Wednesday, 27 August 2008

BR: Triage (Scott Anderson)

Amazon Link: Triage

Mark Walsh wakes on a hilltop in Kurdistan, injured, disoriented, the victim of an artillery attack. As a war photographer, he is no stranger to violent atrocities, death and near misses, but this event disintegrates his mind, leaving him in a stuporous half-state that sees him through his initial physical recovery in a remote, clandestine guerrilla hospital, then his return to Brooklyn where his wife, Elena, struggles to make sense of his symptoms.

As Mark’s physical state worsens and he denies her the full story of how he was injured, Elena pushes him to seek medical help, but Mark refuses, trapped in a body that is betraying him and with emotions that alternately numb and overwhelm him. Meanwhile, Diane, heavily pregnant and the wife of Mark’s best friend and photographic buddy, Colin, fears for her missing husband. Mark and Colin set out to Kurdistan together, but split up before Mark’s accident. Despite Elena and Diane’s fears for Colin’s welfare, Mark assures them that Colin is simply delayed and will return home soon.

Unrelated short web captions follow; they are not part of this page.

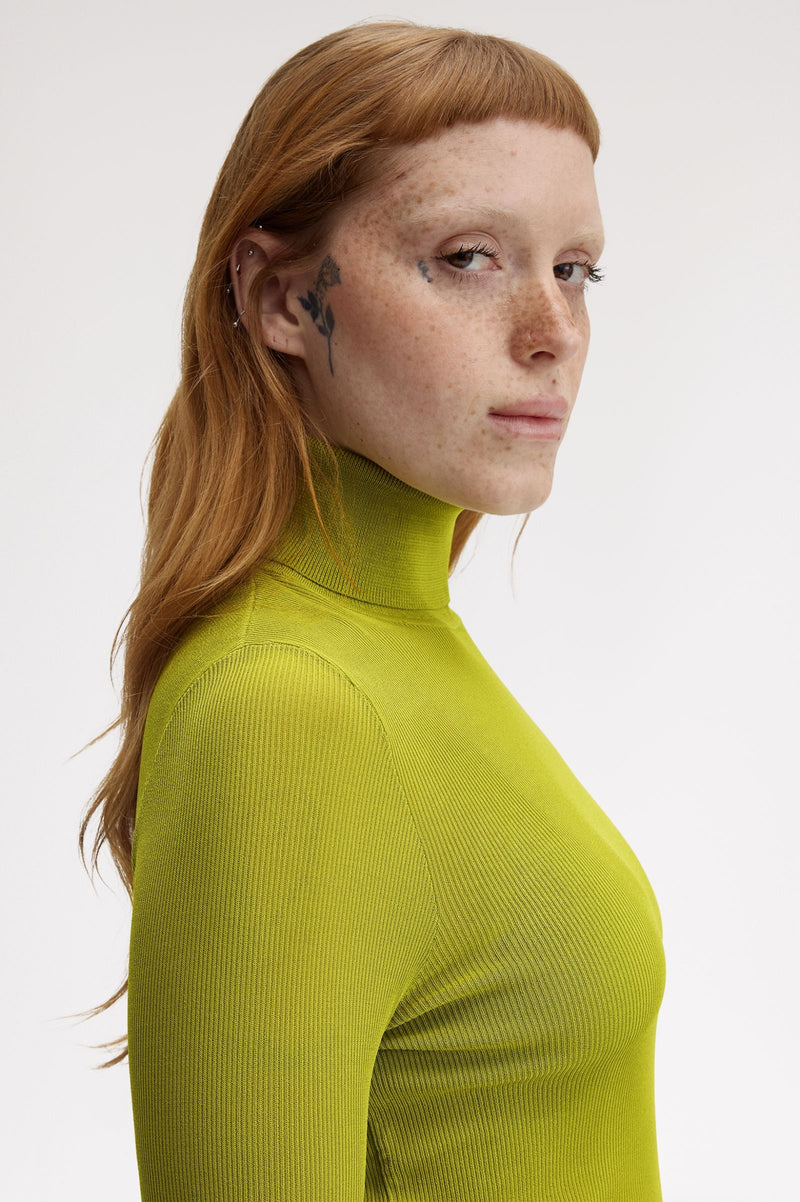 RIB KNIT ROLL NECK TOP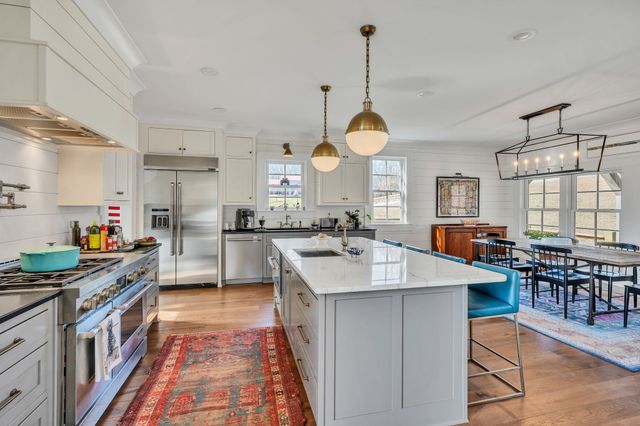 712 Highway 48, S, Dickson, TN 37055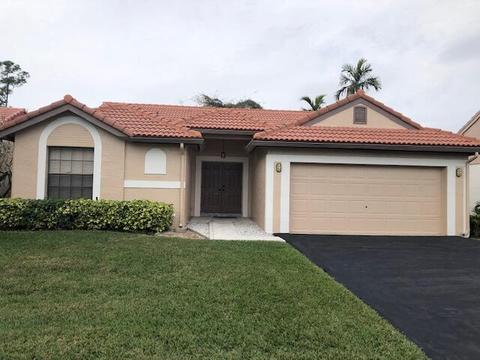 1121 New Parkview Pl, Haverhill, FL 33417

Complicating Elena’s progress with Mark is her grandfather, Joaquin, a man who raised her after her own father died in a car accident but whom she disowned after learning of his involvement with war criminals after the 1930’s Spanish war. Joaquin, a self-proclaimed psychologist, established an asylum for officers and soldiers who had committed heinous acts of inhumanity and brutality during the years of fighting. These men, unable to return to their families and too dangerous to be allowed to return to society without psychological intervention, were passed to Joaquin to ‘cure’. And, so he did, according to the history books. Elena is unable to forgive Joaquin for housing and healing men who, she believed, were beyond forgiveness.

After Mark collapses and is hospitalised, his symptoms determined to be psychosomatic, Elena’s mother calls in Joaquin, believing him to be the only person who can heal Mark’s trauma ravaged mind. Joaquin journeys from Spain to Brooklyn, ignores Elena’s attempts to keep him from Mark, and commences his own form of therapy. The journey taken by all three is dark – of solitude and grief, of guilt and laying blame, of denial and ultimate responsibility.

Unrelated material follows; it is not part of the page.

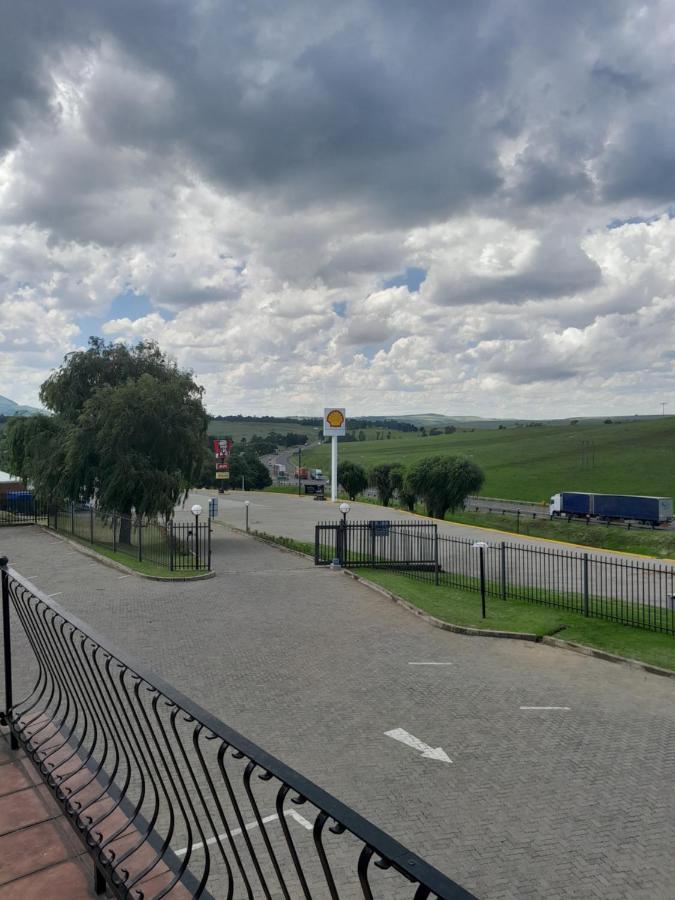 Twin Room,1706922973:JPEG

Scott Anderson makes no attempt to gloss over the horror of war, neither does he revert to bloody gore. Instead, he exhibits rare restraint and by doing so he crafts a story that drills to the very core of the reader, leaving much to the imagination, painting scenes and images that are horrific in their ghastly serenity. Mark recalls experiences that are unequivocally stomach churning – no person could witness those events and walk away unscarred, yet Mark tried to… tried and failed.

Scott is a former foreign correspondence, he writes from experience, from the heart, from the soul. It shows in his writing. No-one but a man who has experienced these horrors first hand could write such a jagged, emotionally crippling books such as this.

Few books bring me to tears, this one did. Few books stay with me, a part of me as though they have carved their will into my soul; this one did. I can’t recommend it highly enough, but it’s not a pretty read, not a happy story, though the ending does bring hopeful closure for the three main characters. It is the journey that will linger long after these characters have moved on.

As an aside, while reading this book I had a chance encounter with a stranger on a train who noticed me reading and admitted that he is a photo journalist and had read the book. I was only halfway through and asked him what he thought. He chose his words carefully, spoke in a sparse, measured way (almost pained), and admitted that it was ‘difficult’. I now have a greater appreciation of what he means.

Rating: *****+ (out of five)


3 comments:

Emily said...

You and I are so alike that if you say this book is one of those that changes your life forever, than I already hold the book in high regard. I read a book called 'Last One In' that was about a reporter overseas in the war, and while nowhere near as violent, it was still moving and eye-opening. I love stories like this because they make me feel even more supportive of the soldiers. I loved Jarhead, can't wait to see Stop-Loss, and now can't wait to read this book. I think it's amazing how some authors have the talent to move the reader so much... Even when it hurts, I love that experience.

Thanks for sharing!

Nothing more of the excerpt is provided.